Ma’reygar approached him, crouched down, and reached for the man. He seized hold of his hair in his fist and yanked his head back so that he could look into his face. “Where’s the king?” Ma’reygar said, his voice gruff through his gritted teeth.

The guard stared at him with wide eyes. His lips trembled as he tried to speak. And then Ma’reygar saw that the guard’s hand, shivering almost uncontrollably, was making its way down to his belt, to the hilt of his sword. The loyalty of some of these guards was beyond belief.

The differing resistance to magic, though, was to be expected.

Ma’reygar supposed this guard had some magical blood in his line, somewhere a long way back. A shame that no one had noticed it, never thought to teach him to fully understand it. He might have been able to fight back. But the very fact that he had the blood in his veins was just enough for him to resist these few of his dying seconds.

Ma’reygar could make it easy for him. Mutter the killing curse a second time. Better for him to end this here right now, to put the man out of his misery. Summon a fresh torrent of flames to burn within the man.

But, no, he would cause the man to suffer. Just a little. He deserved it. He was as guilty as the rest.

He was allied with those that had taken her from him.

Ma’reygar reached for his own belt and unclasped the buckle keeping his dagger in place. He slipped it out of its sheath with the lightest scraping of the blade against the leather holder. He breathed in deep, savouring that rich, earthy scent. He could almost taste that dank earth in his mouth. He could almost certainly hear that snickering sound of giant spider fangs scraping, one against the other.

He felt the freezing cold of the blade in his hand, passing right through its well-bandaged handle. He had had to wrap as much cloth about it as he could, to keep the chill from freezing his hand right off. And still he wore gloves whenever he handled it. The blade always seemed to get colder whenever it sensed death nearby, or the prospect of a life which it was soon to end.

Ma’reygar watched the guard’s hand shudder on its way to the sword hilt, before growing uncontrollable. Yes, the fire was truly taking its hold on the man now. In a matter of minutes the man would be dead.

But Ma’reygar hadn’t time to waste.

And if he left the man alive, to live out his final shuddering moments of life, there was no telling what he might do. He might raise the alarm. He might bring Herimyre to bear on all this, and Herimyre was the only one who could possibly stop him now.

In a single, swift movement which betrayed the appearance of his old bones, Ma’reygar lurched forward and grabbed hold of the guard, spinning him round so he held him tight around the chest, and so that the blade tickled the man’s throat.
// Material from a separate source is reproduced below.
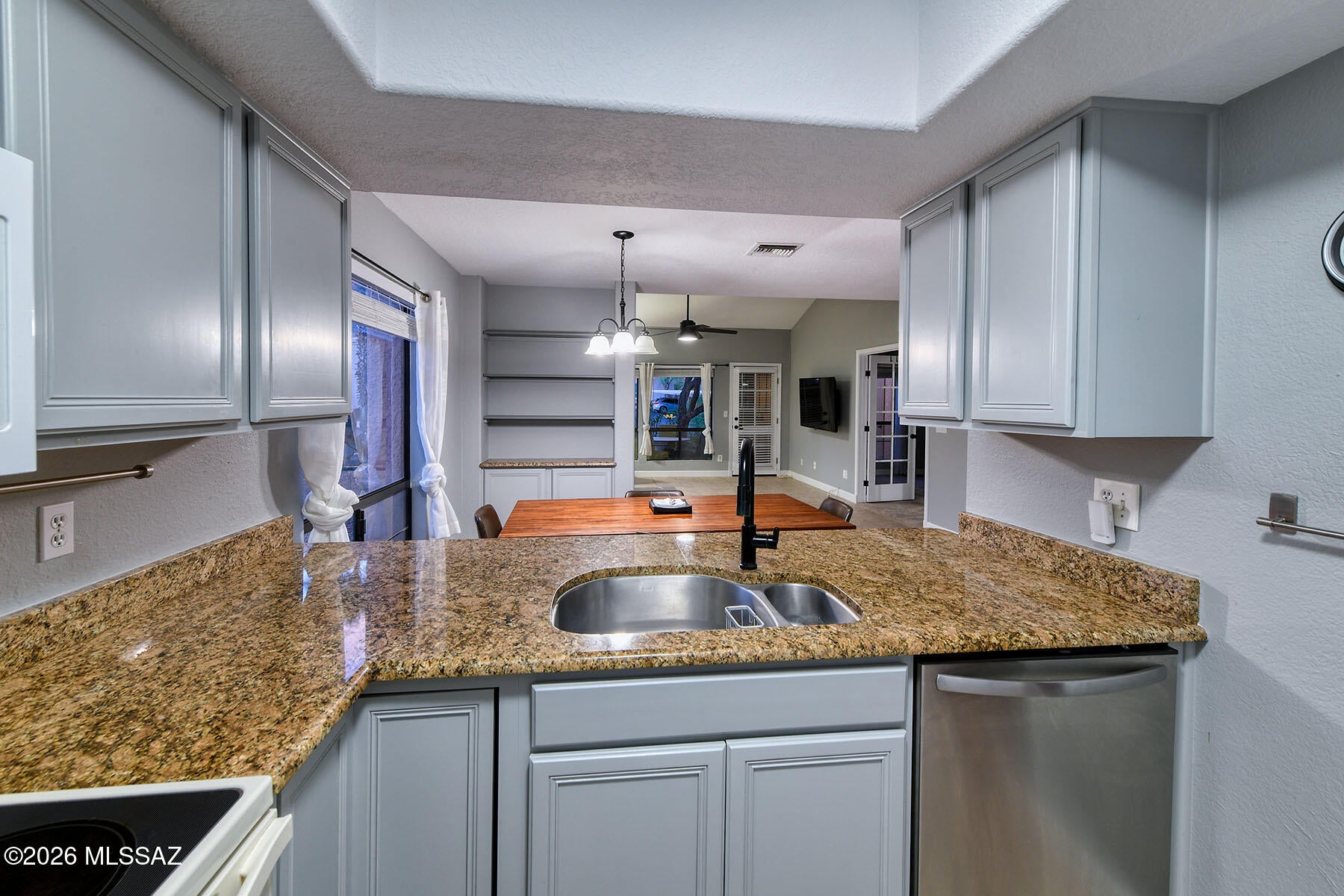 The Villas At Rancho Sin Vacas (1-72) - Residential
He watched its dull grey, razor-sharp edge sink into the surface of the man’s skin, a smear of blood appear on the blade. “Tell me where the king is,” Ma’reygar said, his voice steady and cool.

He felt the man shuddering in his hold, his whole body seeming to enter some kind of a frenzy. Then, through his chattering teeth, the man got out, “In his chamber . . . he’s in his chamber.” And then, with a strength that belied his induced fever, he craned his neck round, his whole head shaking uncontrollably, and met Ma’reygar eye. “That . . . that blade, what is it? I’ve never felt anything so cold.”
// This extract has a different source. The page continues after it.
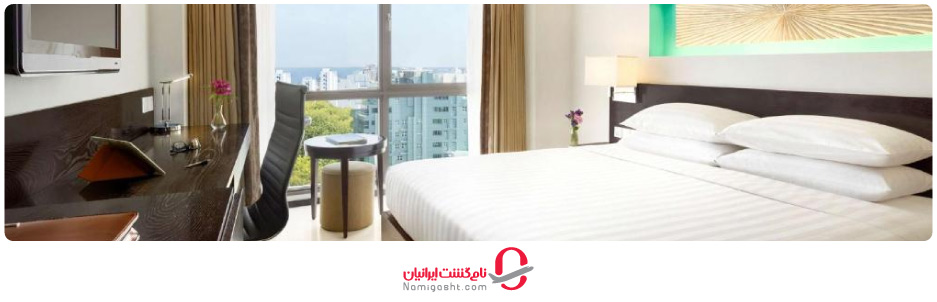 هتل جن ماله مالدیو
Ma’reygar kept his hand impossibly still, the blade still at the man’s throat. And he continued to look him right in the eye now sure that he saw some magical blood in there somewhere, still fighting hard against the curse.

Against the flames.

It was a pity the man had to die. If someone had unearthed him, told him of his potential, then he never would’ve joined the Royal Guards, never would’ve got himself on the wrong side of Ma’reygar’s grudge.

But that was all so much speculation now.

As Ma’reygar stuck the blade into the supple skin, slipping it in behind the man’s windpipe, he said, in a gentle, almost fatherly voice, “This dagger. It’s called the Webbing Blade.”

He withdrew the blade from the man’s neck, and let the guard fall away from him, into a heap alongside the other one.

Dead.

He wiped the Webbing Blade carefully with the hem of his cloak and then headed on along the ramparts, to the king’s chamber, to finally get his justice.